* What the exercise asks *
Please copy the data below exactly; none of the pictures in it belong in the copy.
+ + + + +
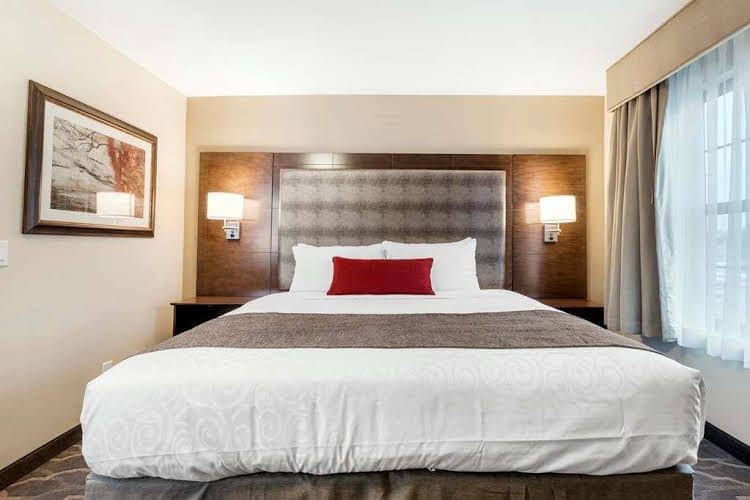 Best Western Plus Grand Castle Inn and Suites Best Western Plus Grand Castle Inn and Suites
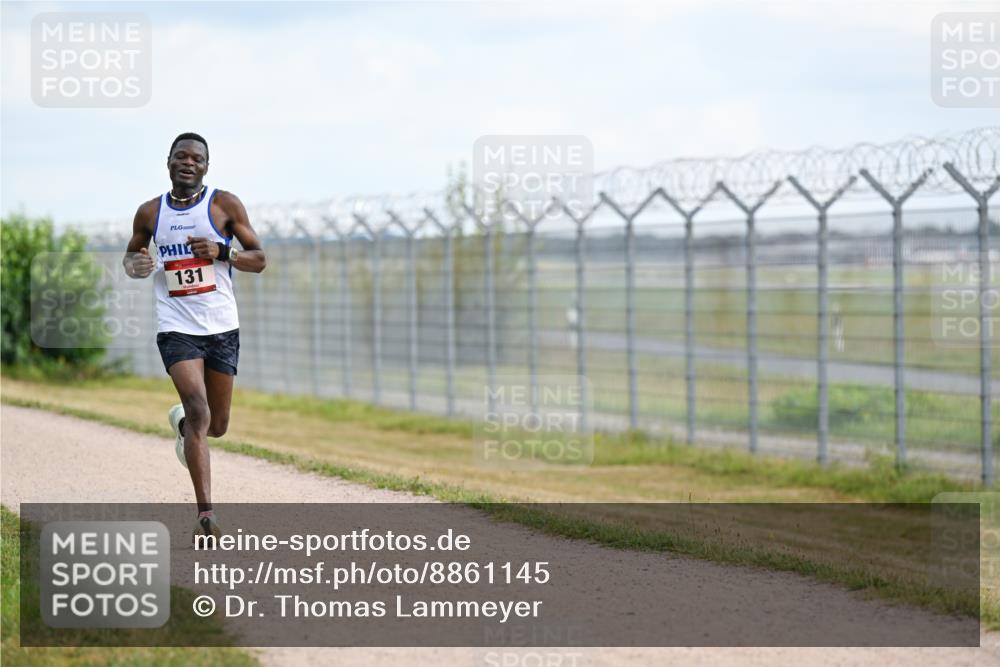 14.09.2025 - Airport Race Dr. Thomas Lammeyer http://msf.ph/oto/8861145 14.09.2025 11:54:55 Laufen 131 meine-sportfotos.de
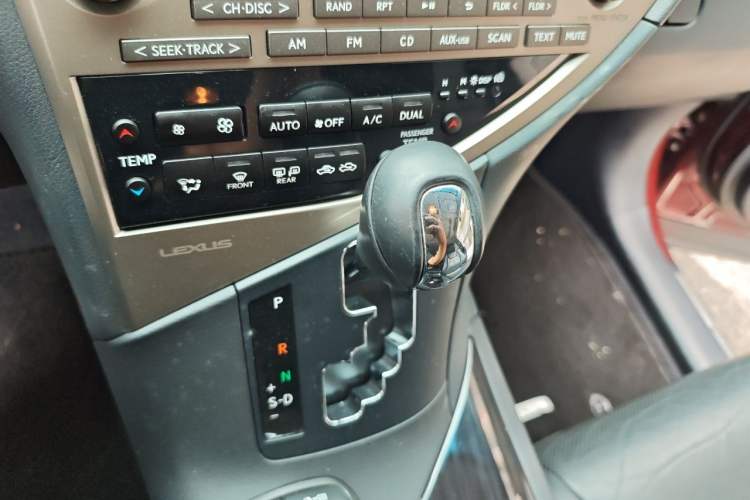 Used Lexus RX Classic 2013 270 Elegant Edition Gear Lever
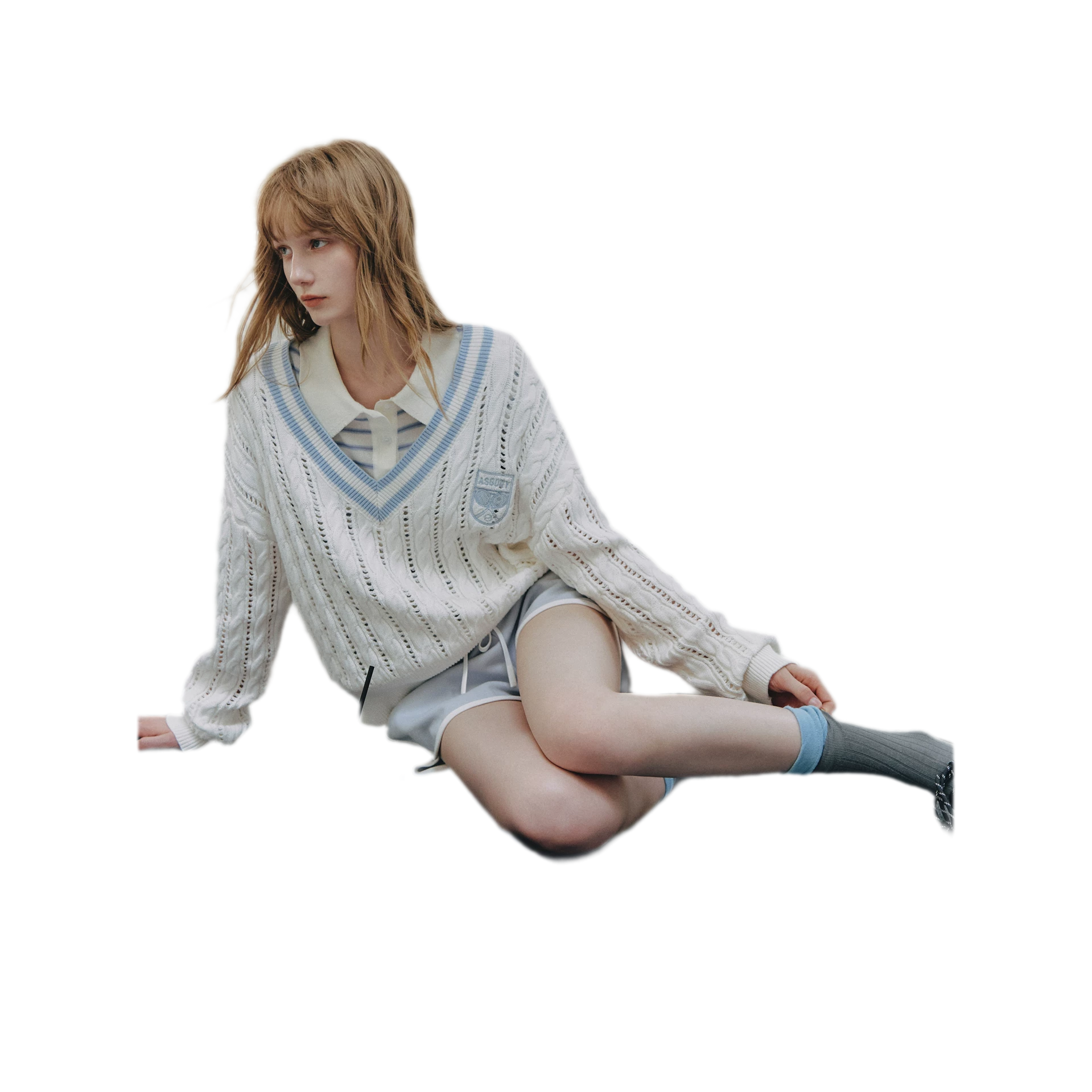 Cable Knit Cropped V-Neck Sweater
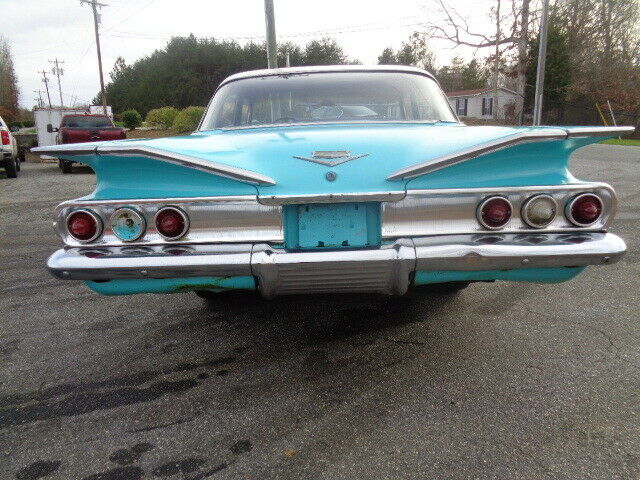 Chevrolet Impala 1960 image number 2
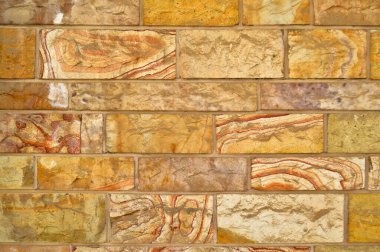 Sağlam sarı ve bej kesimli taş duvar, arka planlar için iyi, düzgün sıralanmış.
+ + + + +
* Solution to this exercise *
 Best Western Plus Grand Castle Inn and Suites Best Western Plus Grand Castle Inn and Suites
 14.09.2025 - Airport Race Dr. Thomas Lammeyer http://msf.ph/oto/8861145 14.09.2025 11:54:55 Laufen 131 meine-sportfotos.de
 Used Lexus RX Classic 2013 270 Elegant Edition Gear Lever
 Cable Knit Cropped V-Neck Sweater
 Chevrolet Impala 1960 image number 2
 Sağlam sarı ve bej kesimli taş duvar, arka planlar için iyi, düzgün sıralanmış.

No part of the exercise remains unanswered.